Two Cuban artists, two distinct visions

Mario Petrirena’s retrospective at City Gallery East is romantic, contemplative and filled with longing and angst. This is an artist clearly wrapped up in the past. Meanwhile, another Cuban-born, Atlanta-based artist, Rocío Rodríguez (on view at the Museum of Contemporary Art of Georgia), creates abstract paintings whose graphic, technological forms stay firmly rooted in the here and now.

Petrirena’s work has often bridged two cultures: the Cuba he left as a boy, and the America he now calls home. His work continually mines that tension between an emotionally fraught past and a present where time and imperfect memory can obfuscate what came before. Like other Southern artists, he has a near-obsession with the idea of the reliquary: the sacred, weathered object, the rusted bit of metal or the cloudy glass vitrine that function like inanimate bones, holding remnants of another time and place.

Petrirena’s exhibition Conversations: Past and Present takes many forms, but the song, essentially, remains the same. In a large series of collaged images, Petrirena juxtaposes images of noble Roman statues with photos of tattooed men to suggest a clash between the ideal and the real, the high and the low, the past and the present, fame and anonymity. Many times, the statues’ heads and bodies nearly obliterate the people beneath, suggesting that these classical forms are the documents that colonize our memory, while real people get lost to time.

The idea of memorializing people through a collision of photographs and weathered objects is most beautifully realized in one of the exhibition’s highlights, a trio of sculptural works dominated by a tombstone-shaped memorial decorated with vintage photos of soldiers.
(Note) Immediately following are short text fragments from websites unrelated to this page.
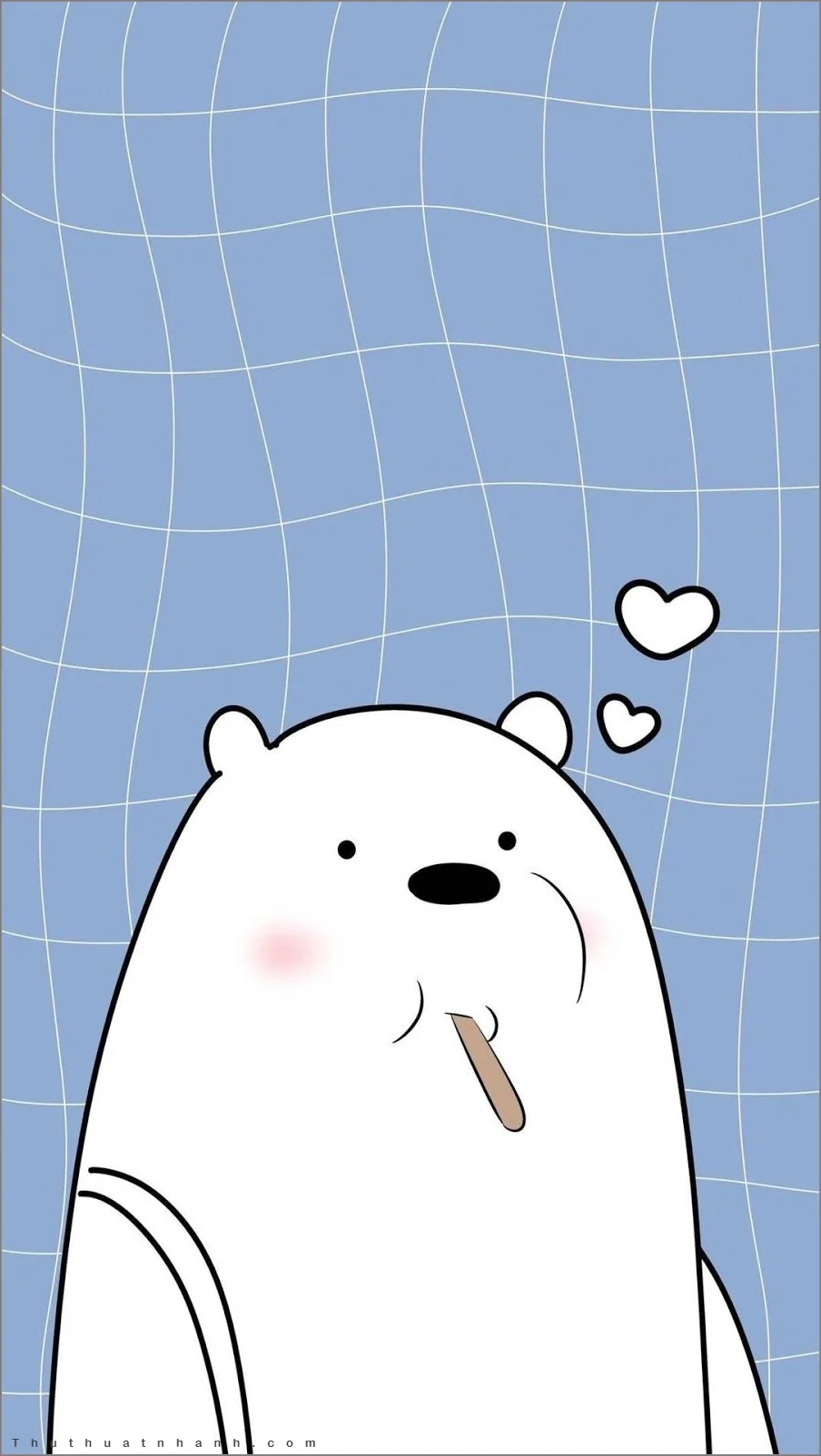 Một chút cute  Hình nền cute cùng gấu trắng nè Nguồn  Facebook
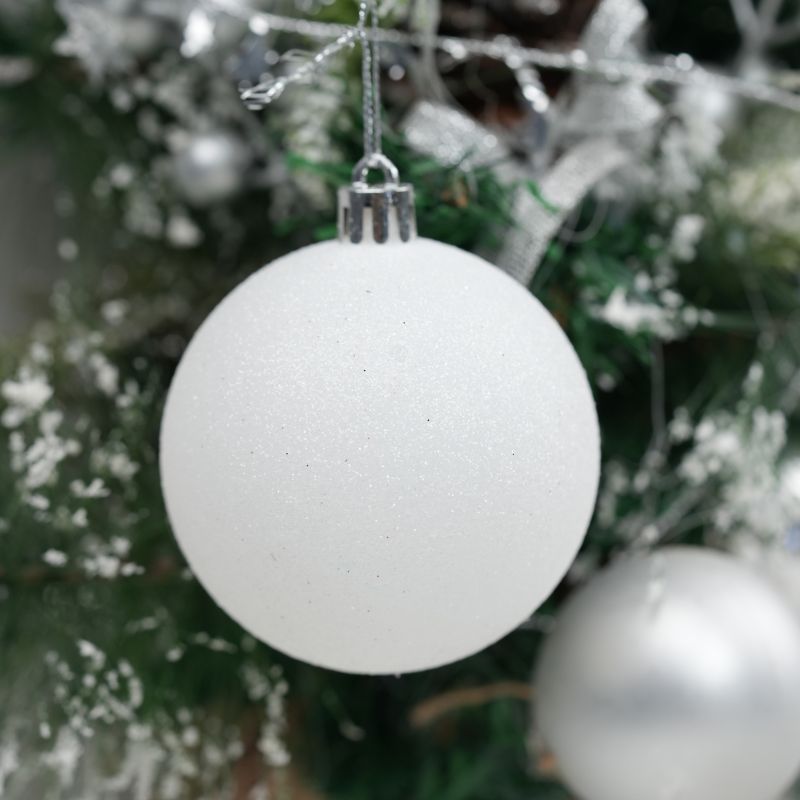 クリスマス装飾ボール粉球3cm-60cmプラスチックボールクリスマスツリー装飾ボールペンダント店吊り天井装飾|undefined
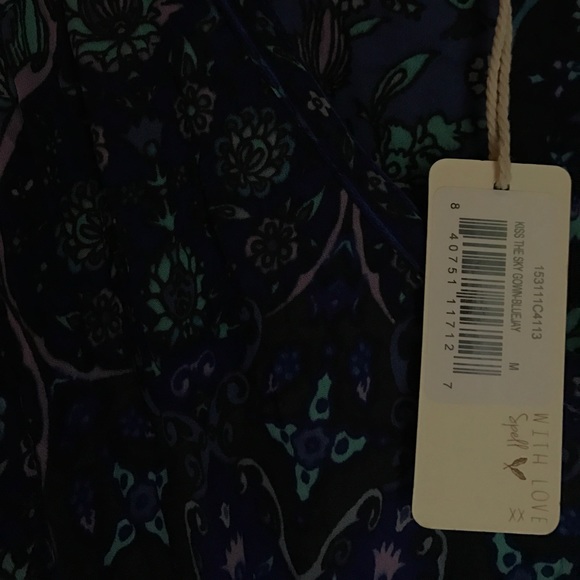 Spell & the Gypsy Kiss the Sky Gown Bluejay Dress - Picture 5 of 5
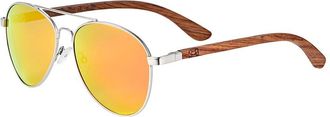Earth Wood Unisex Sayulita 61Mm Polarized Sunglasses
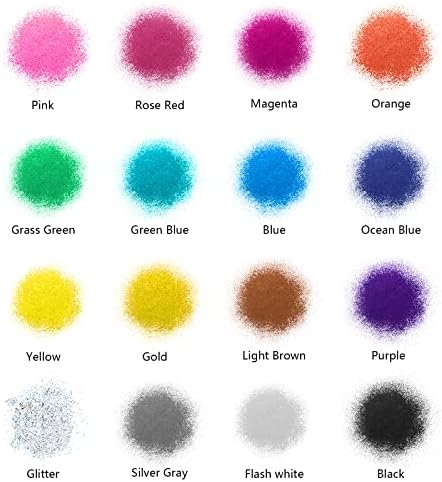 Mica Powder, Candle Dye 18ml*16 Colour - LIUCOLI Natural Metallic Epoxy Resin Pigment Glitter for Making Soap, Wax Melts Kit, Slime, Cosmetics, Nail Art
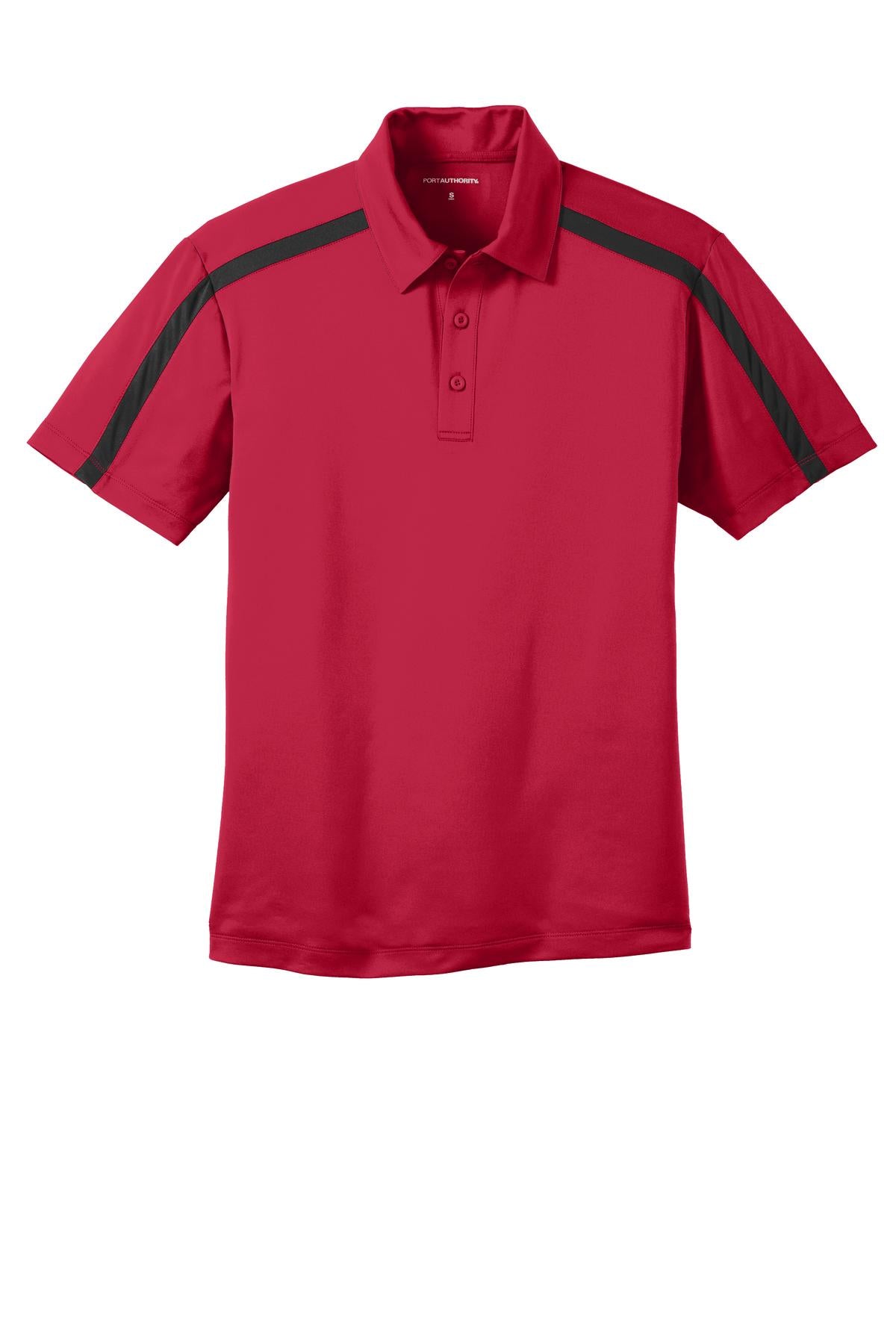 Port Authority® Silk Touch Performance Colorblock Stripe Polo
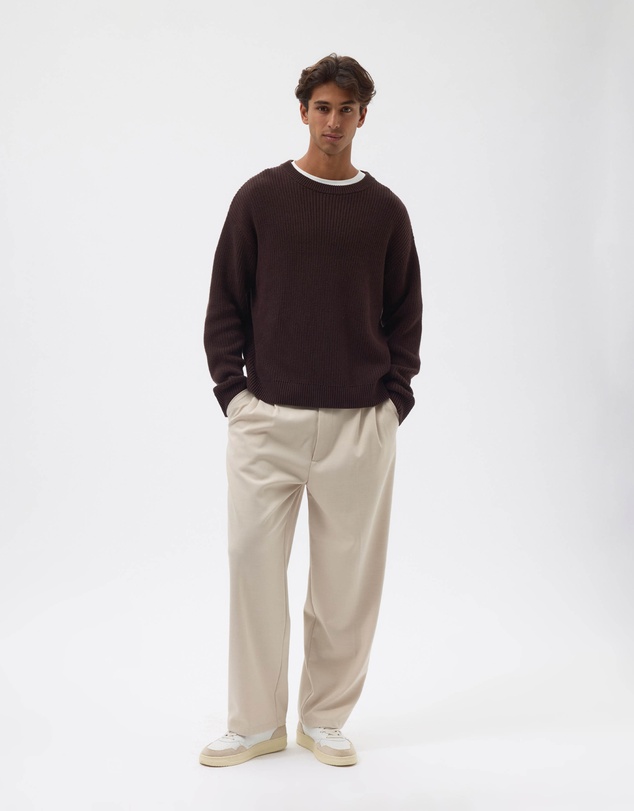 AERE - Organic Cotton Fisherman Rib Jumper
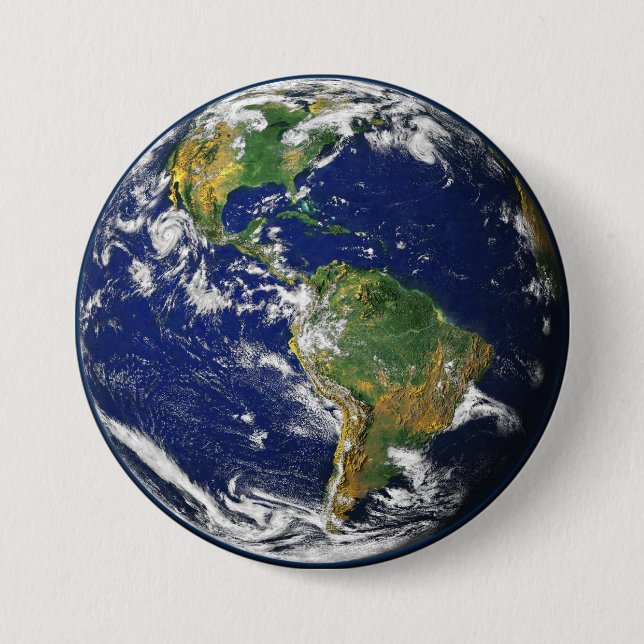 Our Earth 3 Inch Round Button (Front)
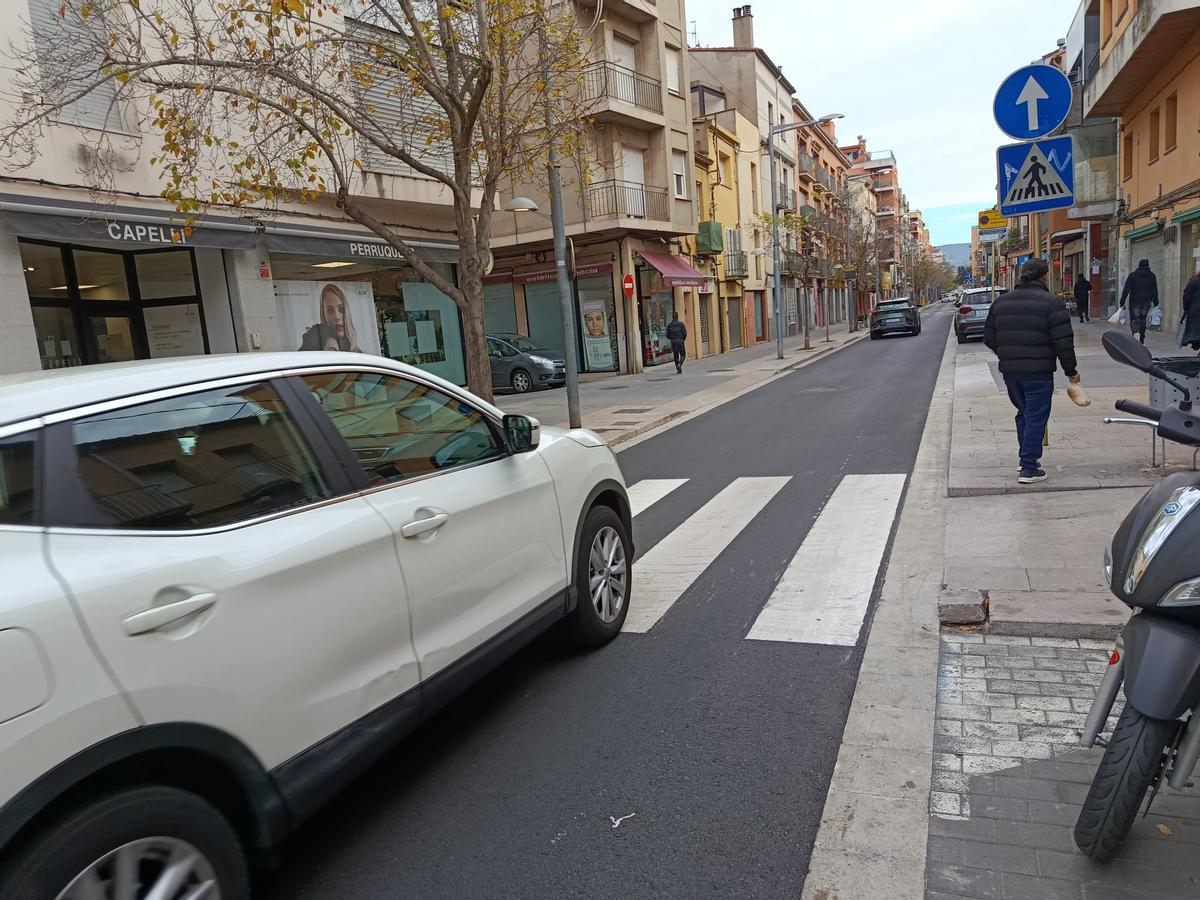 El carre Major, recent asfaltat.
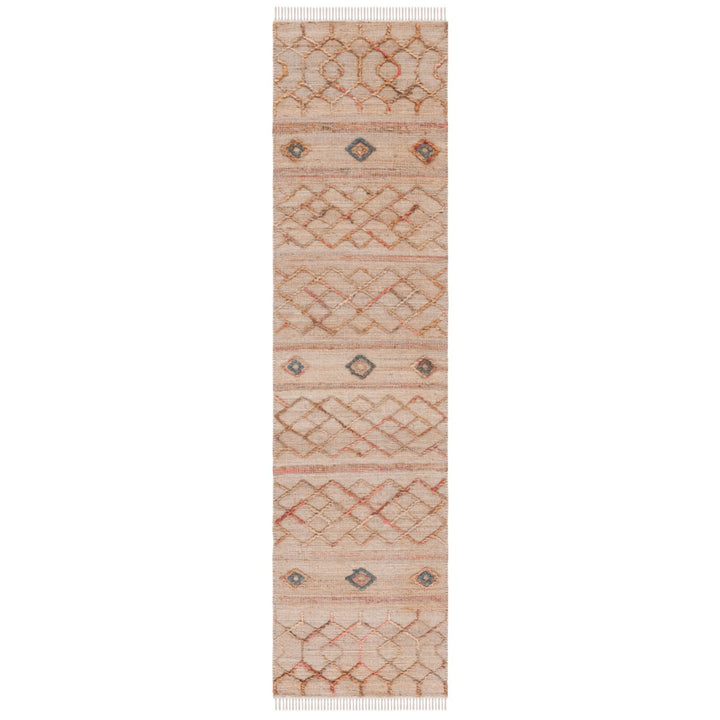 SAFAVIEH Natural Fiber NFB402A Natural / Rust Rug Image 1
Next to that memorial to the men and women whose sacrifices ennoble us stand two sculptures that indict us: a warhead-like form notched with black lines to indicate a body count, and a crater ornamented with tiny human faces to suggest the real-world victims that every bomb leaves behind.

Petrirena makes a canny statement about war, and how it reduces human life to a numbers game. The tombstone crops up again and again in Petrirena’s exhibition, though it is only the most literal representation of mourning and remembrance in a display filled with small shrines to the past.

In Rocío Rodríguez: Parallels, the artist moves away from the curlicued, looping floral forms that have often dominated her work in the past, and opens up a new force that speaks of global power dynamics, conflict and interconnected micro- and macro-forces. Executed in blunt black lines and hazard-sign reds and oranges, Rodríguez’s vigorous paintings look like an abstracted diagram of global machinations that would be displayed on the floor of the United Nations or in some secret war room.

Like the work of her countryman, Rodríguez’s paintings require time and patience to unravel. Their beauty lies in how both Petrirena and Rodríguez defy expectations about their gender. Where Petrirena’s work is emotion-drenched and poetic, Rodríguez’s paintings are virile, bold and muscular. Petrirena’s work at times threatens to topple into preciousness, while Rodríguez runs the risk of an alienating coolness. But for those willing to linger, both artists yield uncommon depth.